# What are three consecutive integers whose sum is 96?

Mar 22, 2018

I got $31 , 32 \mathmr{and} 33$

#### Explanation:

$n$
$n + 1$
$n + 2$

you get:

$n + n + 1 + n + 2 = 96$

rearrange:

$3 n = 93$
and so:
$n = \frac{93}{3} = 31$

so our integers are:

$n = 31$
$n + 1 = 32$
$n + 2 = 33$

Mar 22, 2018

You must symbolize the first integer with $x$.

#### Explanation:

Lets pretend the first number was $5$. What would you do to get to the immediate next integer? (Integers are whole numbers like $1 , 2 , 3$ ) You would add $1$. So the next number is symbolized as "$x + 1$".

How would you get from $5$ to $7$? You would add $2$ to the $x$. So the next number is written in symbols as "$x + 2$."

Now add them all up like this: $x + x + 1 + x + 2 = 96$
Combine like terms: $3 x + 3 = 96$
Subtract the 3 from both sides $3 x = 93$
Divide both sides by $3$: $x = 32$
Answer: $x = 32$.

BTW, "consecutive" means to come right after.

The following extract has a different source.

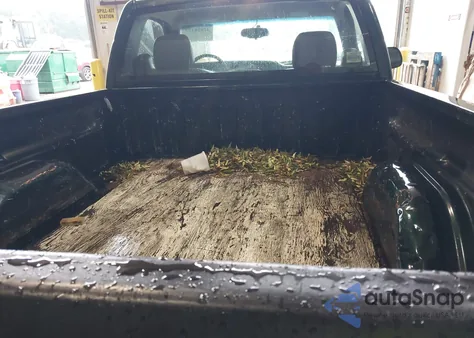 2005 Chevrolet Silverado 1500 Work Truck z USA, uszkodzony, nr VIN 1GCEC14X35Z354401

In my pretend answer, $6$ came right after $5$, and $7$ came right after $6$.

Mar 22, 2018

31, 32, 33

#### Explanation:

If you represent the first integer with the letter $x$, then:
$x + \left(x + 1\right) + \left(x + 2\right) = 96$

This simplifies to:
$x + x + 1 + x + 2 = 96$
$x + x + 1 + x + 2 = 96$
$3 x + 3 = 96$
$3 x = 93$
$x = 31$

The first integer is 31. The next two consecutive integers are 32 $\left(x + 1\right)$ and 33 $\left(x + 2\right)$.